Did you remember the days when you were a small child looking forward to the first snow to go out and having fun? Sitting at the window and staring at the dancing snowflakes out in the cold? Back in the childhood again I was adapting my training plan to have some fun in the snow. Instead of waiting for the sunny afternoons to have a great long ride it’s now waiting for the very cold and snowy evenings and nights to test the materials, working with the cold, building endurance and getting used to run in the night.
My first snow adventure was yesterday when i was out in the forest after a day of snowfall. You won’t believe but i was really alone out there. and i was asking myself for the reason of that. was it beacause i was running blind as a bat on contact with all the trees and bushes not able to see anybody running on my left, right or in front of me? Or was it because there was nobody mad enough to run that deep into the forest loosing almost the path? It doesn’t matter. Event though the panorama wasn’t great, the experience truly was. And it was one of my most efficient “high knee” trainings ever 😉 Here is a view on the trail, “when the trail is leading you”.
Inspired by my friday run I’ve decided to do my saturday brick training in the evening too. As there are four months left till day 1 I wanted to take opportunity of the dropping temperatures to train, to work with the ground (ice, snow) and to experiment with the clothing. So I started close to eight with 90 minutes of spinning and looking the trashy, bloody action movie called “Ninja assassins”. Everything was in place for the run out in the cold. Armed only with really basic clothing (how less can i wear without getting cold?), my Mizuno Cabrakan 4, my ipod and a lukewarm leg of my bread man – freshly baked by my outstanding support team – i was leaving the house towards Restaurant Rigiblick on the other side of Zurich.

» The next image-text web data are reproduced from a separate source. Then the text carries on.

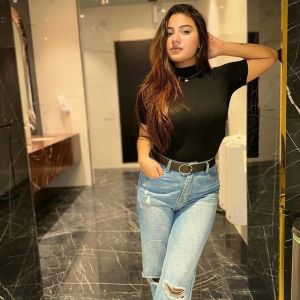 9319099832 Call Girls in Vasant Kunj Delhi Escorts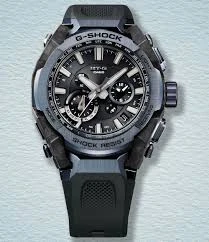 MTG-B4000B-1A2R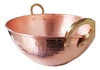 Tacho de Cobre 1 L - comprar online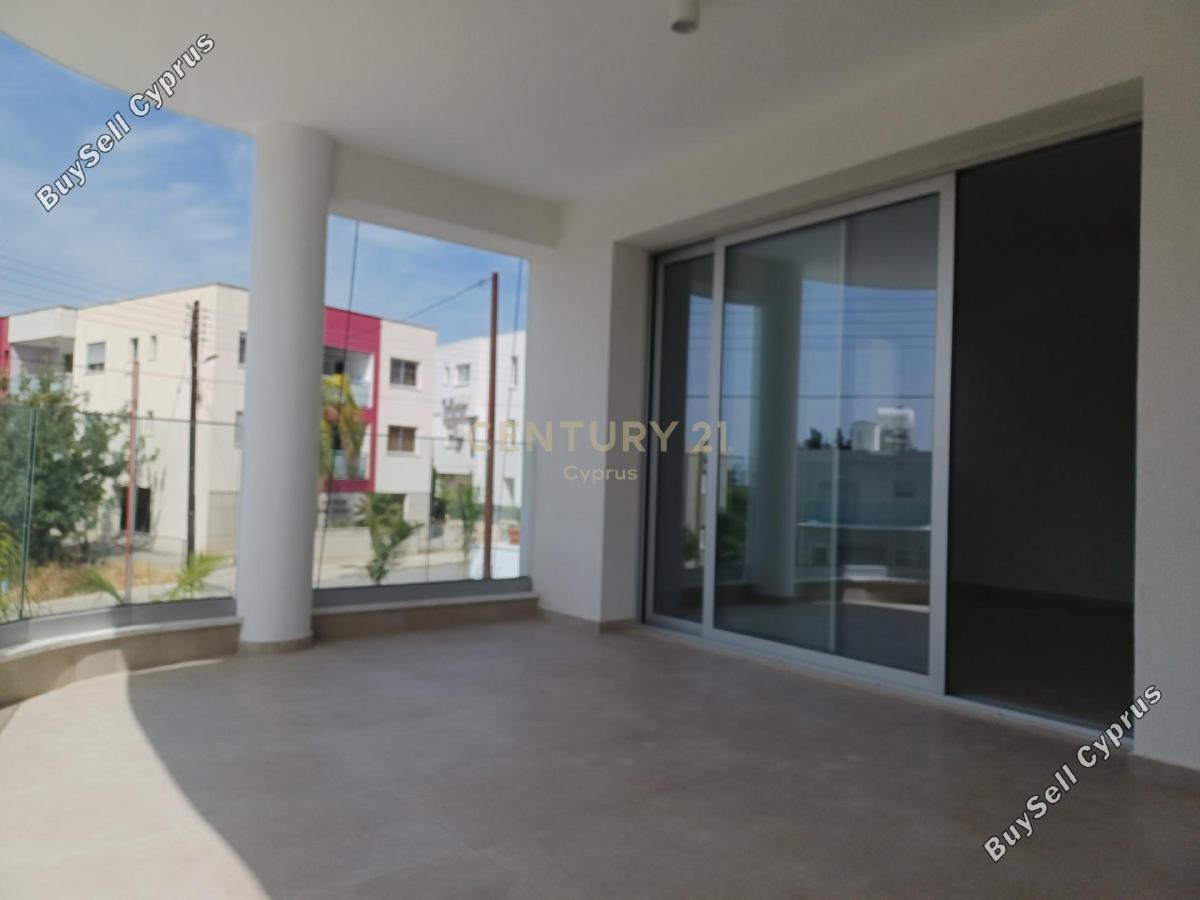 2 bedroom apartment for sale potamos germasogeias limassol 1650107 image 15170462
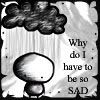 sadness Pictures, Images and Photos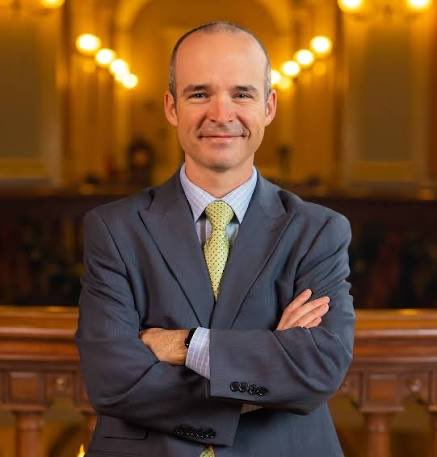 Ashley Zavala tweet media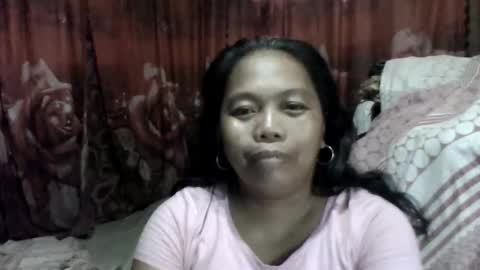 Snapshot of merry_jane2020 chatting on 02.07.26 merry_jane2020 online show from 02.07.26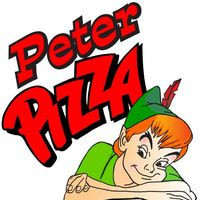 Peter Pizza Pilastro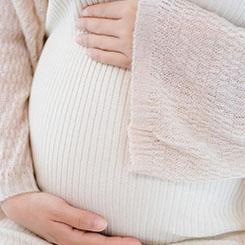 结果昨🈳晚，一🇲🇻哪里可以做代孕个名叫RentA🙊Human.a📶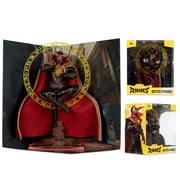 Doctor Strange (Marvel Rivals) 1:10th Scale Collectible - McFarlane Toys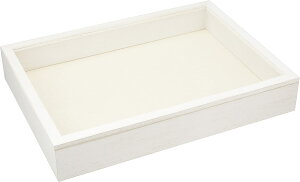 tHgt[ ʐ^ z {bNX  tgI[vBOX A3 [50mm CeA  q LO fR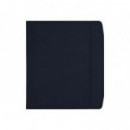 Funda Protectora POCKETBOOK 7" Negra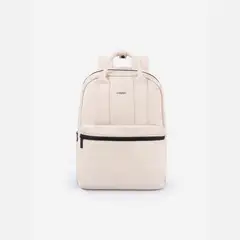 CREPIER - Mochila Amber Mediano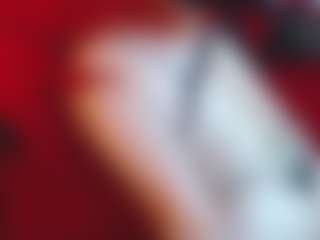 Live cam show with ashley-whiteSelf - Bedroom on Camsoda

I was running about 120m when my newly acquired ninja reflexes were preventing the worst case: an almost crash on ice. Lucky me, my body and legs were already warm from the bike session. Both legs – the one of the bread man and mine – were safe. I guess it looked a bit like uncontrolled core stabilisation training on the street. “Why did you leave without the spikes? Is this already the old men’s running madness coming over me?” But you know what, it comes even better: i decided to go on instead of running back the few meters to change the shoes. But looking back it was the right decision as I just had to learn to “read” the streets and footways. I was running along the thin line between the snow mountains along the street and the potentially icy dark footway – great training for balance and the feet. I was crossing people shaking their heads, giving me direction through the ice, showing thumbs up or just staying there and looking at the alien that was rushing by with this fully packed backpack (always on mid and long runs) and glowing from the forehead. I was running into the city along the inspiring Ironman transition zone in Zurich, then along the lake through the lights towards Bellevue and then up to the Zurich Berg, where I was meeting my support team at Zurich Fluntern. They were back again from picking Max from work and driving all home now. When I was entering the car, looking into the eyes of Max I was reading something like “Are you completely nuts?” in his disbelieving eyes. Yes, I am nuts. But who cares? I don’t.
Materials used on Friday (-1 to – 3°C)
Icebreaker 200 (layer 1) with soft shell (layer 2) and windstopping tight (only one layer). Thick Cap and Gloves. Warm woolen socks and Salomon Snowcross boots. > Too warm on upper body, hands and head.
Materials used on Saturday (-3 to -5°C)
Icebreaker 100 (layer 1) with same soft shell (layer 2) and windstopping tight (lighter than the one yesterday). Light cap and light gloves. Compression socks and Mizuno Cabrakan 4 trail shoes. Backpack (3kg total weight). > Perfect, still a tic too warm on head.